# Iced Cinnamon Bun Scones



## BakersDozen (May 19, 2005)

Iced Cinnamon Bun Scones

MAKES 8 SCONES 

2/3 cup light brown sugar
1 stick (4 ounces) cold unsalted butter, cut into 1/2-inch dice, plus 
2 tablespoons softened 
1 1/4 teaspoons cinnamon
3 cups all-purpose flour, plus more for dusting
1/3 cup granulated sugar
1 tablespoon baking powder
1/2 teaspoon salt
1 cup heavy cream
1 large egg
1 teaspoon pure vanilla extract
1/4 cup cream cheese, softened
1 teaspoon fresh lemon juice
2 cups confectioners' sugar

1. Preheat the oven to 425°. Line a large, heavy baking sheet with parchment paper. In a food processor, pulse the brown sugar with the 2 tablespoons of softened butter and 1 teaspoon of the cinnamon until soft crumbs form. Transfer the mixture to a bowl. 

2. In the processor, combine the 3 cups of flour with the granulated sugar, baking powder, salt and the remaining 1/4 teaspoon of cinnamon and pulse to blend. Add the diced butter and pulse until the mixture resembles small peas. Transfer the mixture to a large bowl and make a well in the center. 

3. Add the cream, egg and vanilla to the well and stir to combine.
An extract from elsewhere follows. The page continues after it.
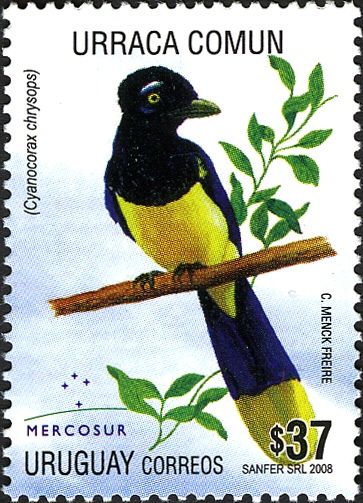 Plush-crested Jay (Cyanocorax chrysops)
Using a wooden spoon, gradually stir in the flour mixture until a firm dough forms. Crumble the brown sugar mixture over the dough and knead it into the dough, leaving some streaks. 

4. Lightly dust a work surface with flour. Turn the dough out onto it and knead 3 times. Pat or roll the dough into an 8-inch round, about 1 inch thick. Cut into 8 wedges, then transfer the scones to the baking sheet and refrigerate for 10 minutes. Bake for 18 to 20 minutes, or until browned. Let cool slightly on the sheet, then transfer to a wire rack. 
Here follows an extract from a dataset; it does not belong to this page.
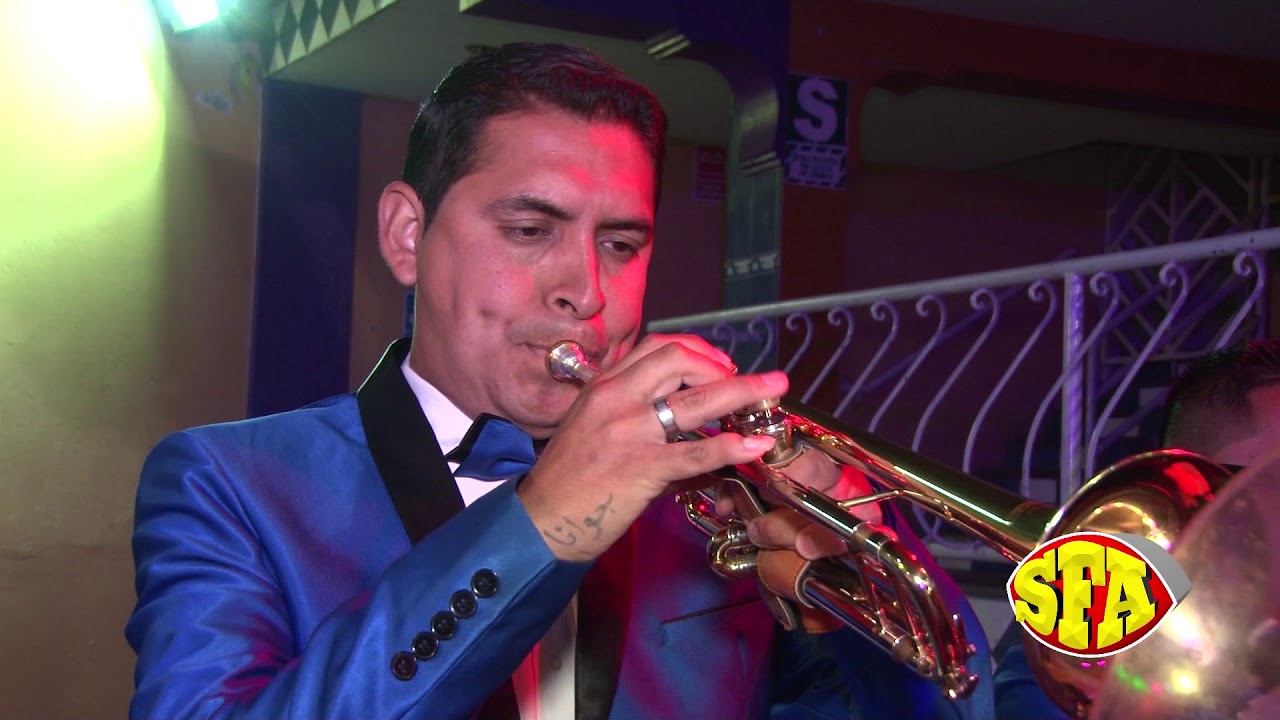 Mix Necesito un Amor - Temerarios Saxocumbia (En vivo)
5. In a medium bowl, beat the cream cheese with the lemon juice. Beat in the confectioners' sugar until smooth. Spread the icing over the warm scones.

MAKE AHEAD The scones can be stored in an airtight container for up to 2 days.

--Marcy Goldman

This recipe originally appeared in Food and Wine, March 2003.


----------



## jkath (May 19, 2005)

I bet these are so pretty!


----------



## Ishbel (May 19, 2005)

I can't get my head round this - how can a 'bun' be a 'scone'?

Buns are mostly English and scones are Scots


----------



## SierraCook (May 19, 2005)

It is a cinnamon bun flavored scone.


----------



## Ishbel (May 20, 2005)

Hmmmmmm.... OK, you've ALMOST got me convinced, SierraCook!


----------



## BakersDozen (May 20, 2005)

Ishbel...not sure why they are named "buns", but we enjoy them and I just call them scones. Great with morning cup of java or hot tea!


----------